BAGARAN, Armenia – Sos Vardevanyan’s garden is flourishing. He likes to sit under the trees’ shadow, to have a rest and to follow the life in the Turkish village which is some 100 metres away from his own place. The Armenian village Bagaran and the Turkish village are separated by barbed wire.
“If I have a guest we come and sit in this garden. It is interesting for my guests to see a Turkish village so close, while for me it is already very common place”, said Sos Vardevanyan.
50-year-old Sos Vardevanyan was born and has lived in this village his whole life. The village next to the Armenian-Turkish border is in the Armavir region. Sos Vardevanyan’s house is the one which is the closest to the border.
“One day my daughter went a bit far from the garden. I started to get worried and called, “Hasmik, Hasmik don’t go far”. The next day a Turkish guy was standing next to the border and calling, “Hasmik, Hasmik”, said Paycar Sahakyan, Sos Vardevanyan’s wife.
The villagers can watch only the Public channel as the TVs can’t receive the programmes of other TV stations, while people can watch the Turkish channels without a satellite. “My daughter watched cartoons on Turkish TV stations and in this way learned Turkish”, said Paycar Sahakyan.
There is no connection with the Turkish people and more over, Sos Vardevanyan is against opening the Armenian-Turkish border. “We haven’t forgotten the Genocide. If the border opens, the village will lose its peace”, he said.
There is a new minaret on the other side of the border. The sound of the minaret bells during the praying time is heard in the Armenian village.
You can see the road and the cars from Sos Vardevanyan’s garden. “There is a green building on the hill. They built it recently. Maybe it is a tea house. The cars stop in front of that building very often. Turkish villagers keep bees and work in the field,” said Sos Vardevanyan.
The border is kept by Armenian and Russian soldiers. Each year a meeting is held between villagers and border keepers at the begining of the field work period. The question which is being discussed is always present and never solved. There are fields and gardens of 2000 hectares between the two countries. This area is called the neutral zone. In order to get there and work in their own fields and garden, the villagers need to get permission and to show it to border keepers each time when they enter or go out from their lands. There are exact times for entering and going out. You can’t enter there before sunrise or stay there after sunset. It happens often that the villagers have to stand in queue in order to get into their lands. “It is complicated for the villagers to enter their lands. The border keepers check the permission and only after that do they let them go there. The villagers ask that the process be made easy”, said Gevorg Margaryan, the head of the village.
The border keepers have only one answer for the villagers. It is necessary for security to keep this kind of control. The problem has been unsolved for years and the villagers always have to keep their passports and permissions on them.

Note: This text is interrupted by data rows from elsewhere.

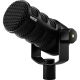 RODE PODMIC USB ULTRA-VERSATILE DYNAMIC MICROPHONE IDEAL FOR PODCASTING, STREAMING, GAMING, AND OTHER SPEECH APPLICATIONS.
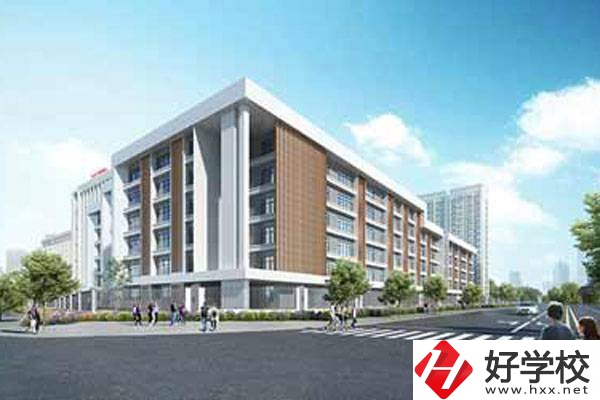 長沙市三聯(lián)科技中等職業(yè)學(xué)校怎么樣？新校區(qū)在哪？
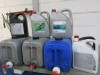 Quantity of Assorted Antifreeze & Coolant to Include: 2 x New 20L, 5 x Part Used 20L & 5 x Part Used 5L. - 3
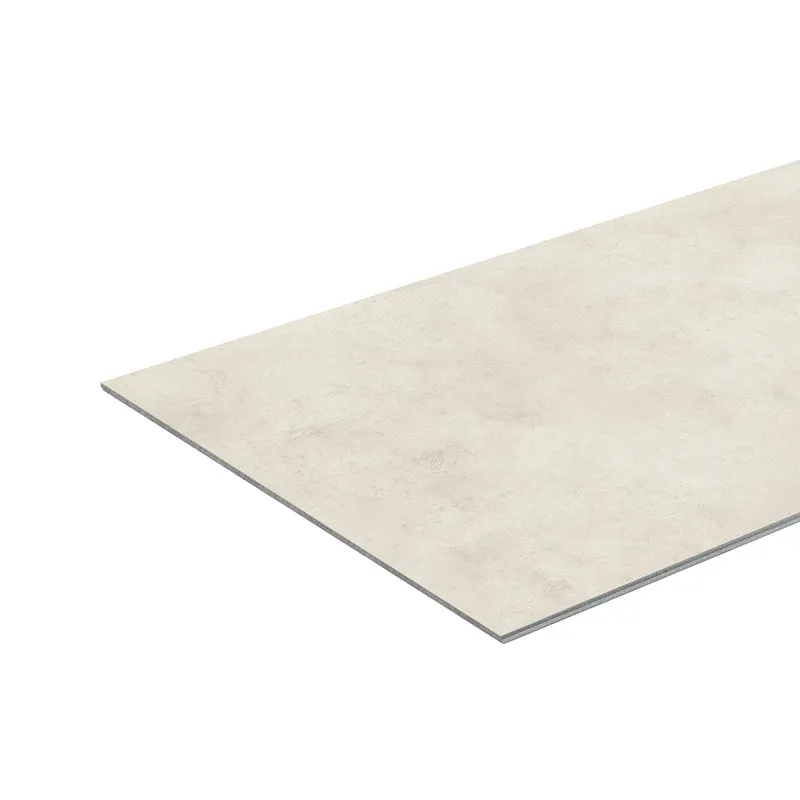 DUMAWALL XL 868 Light Cement - 90 x 260 cm Single Unit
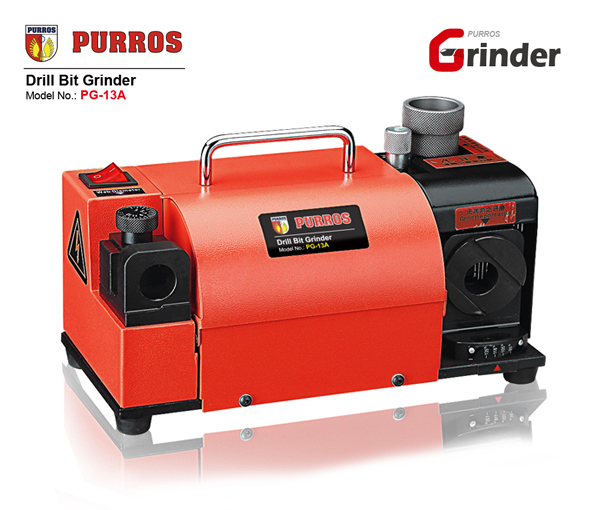 PG-13A drill bit sharpener for sale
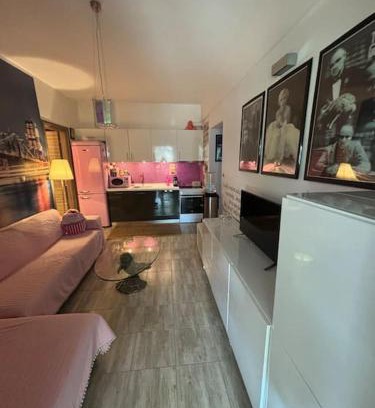 Nea Playia Apartment | Beach pop apartment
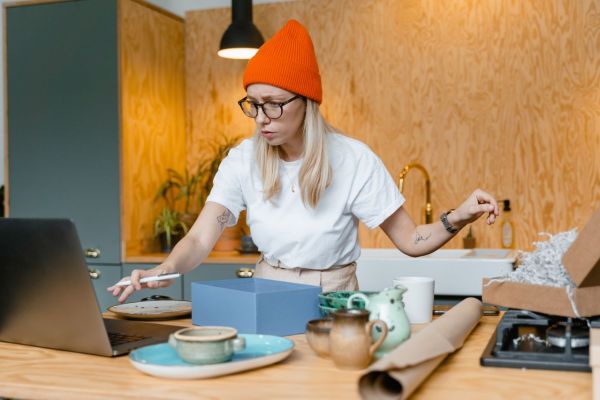 L'essor de l'artisanat en ligne : un guide pratique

74-year-old Volodya Piloyan shows the passport and permission. The documents are always in his pocket, even if he doesn’t go to the field. The villagers work in the field under the control of border keeper, and it is an ordinary situation for them.
The villagers complain that young people don’t want to stay in the village. “There are no jobs; the income from the field is not enough to live on. There is only one bus a day to Armavir, the main city of the region. What are young people to do?” said 52-year-old Kostya Petrosyan.
The villagers can go on endlessly about the problems of the village. The price of the irrigation water was raised and there is only one spring in the whole village for the water to drink.
There is no church in the village; young people need to go to the regional centre or Yerevan to get married in a church. There are 8-9 weddings and 8-10 births a year. There are 10 students in the first grade of the school and 90 students in the whole school.